MATERIAL PROVIDED |
***

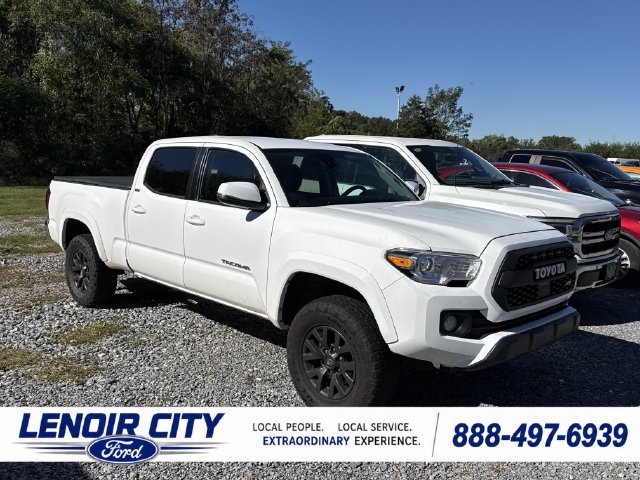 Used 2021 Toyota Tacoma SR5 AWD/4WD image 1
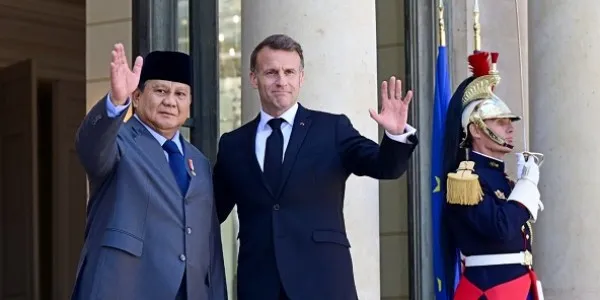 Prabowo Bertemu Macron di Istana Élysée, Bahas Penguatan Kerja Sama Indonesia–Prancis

***

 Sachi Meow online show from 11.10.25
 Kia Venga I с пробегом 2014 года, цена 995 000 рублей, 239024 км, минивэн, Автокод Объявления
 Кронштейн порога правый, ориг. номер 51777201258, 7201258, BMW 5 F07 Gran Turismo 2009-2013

***

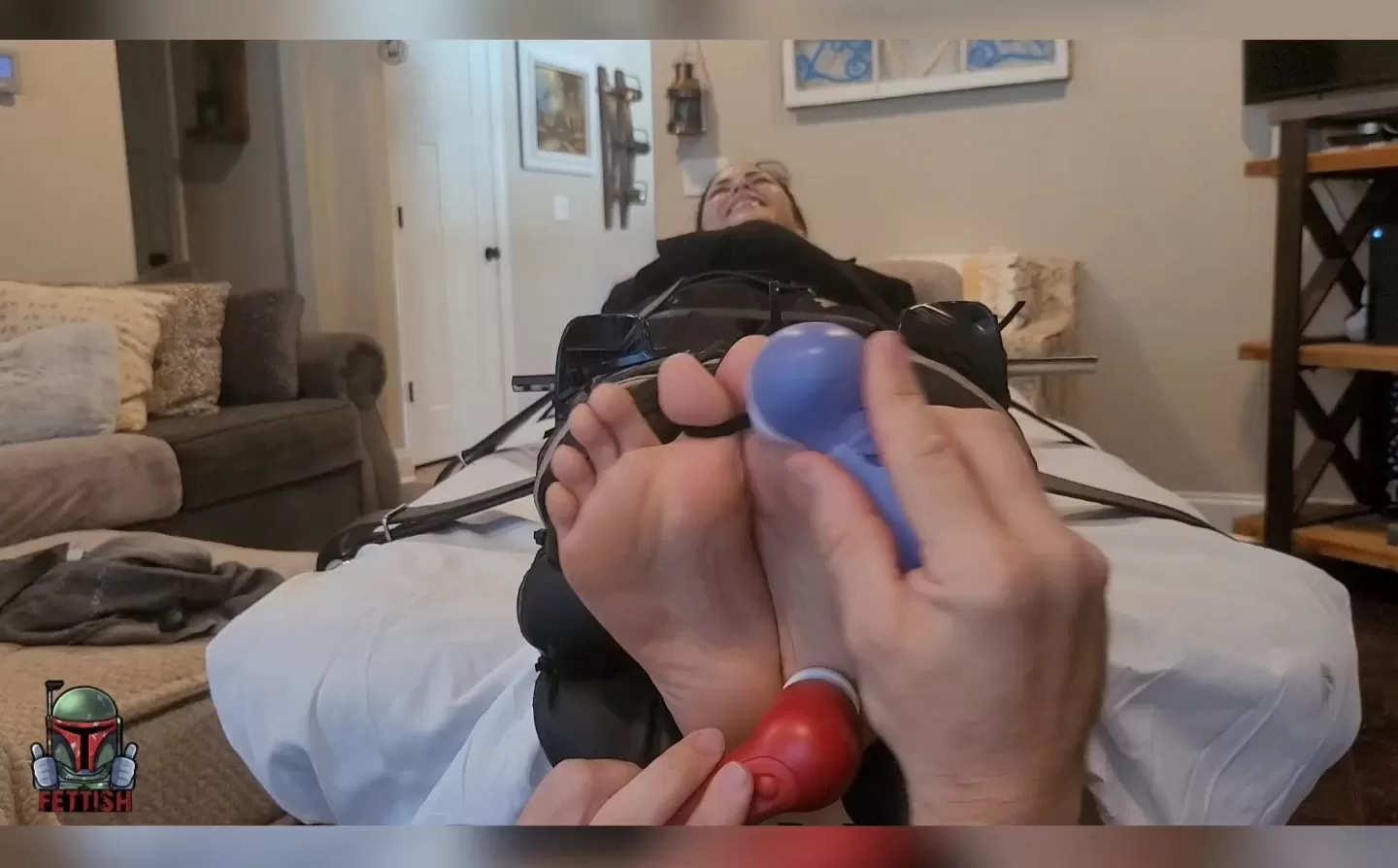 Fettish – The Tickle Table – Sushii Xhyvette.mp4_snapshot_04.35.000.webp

***

AIM OF THE TASK |
How would the lines above read from the one with "Used 2021 Toyota Tacoma SR5 AWD/4WD image 1" to the one with "Prabowo Bertemu Macron", inclusive, with no pictures? Write them out exactly.

EXPECTED OUTPUT |
 Used 2021 Toyota Tacoma SR5 AWD/4WD image 1
 Prabowo Bertemu Macron di Istana Élysée, Bahas Penguatan Kerja Sama Indonesia–Prancis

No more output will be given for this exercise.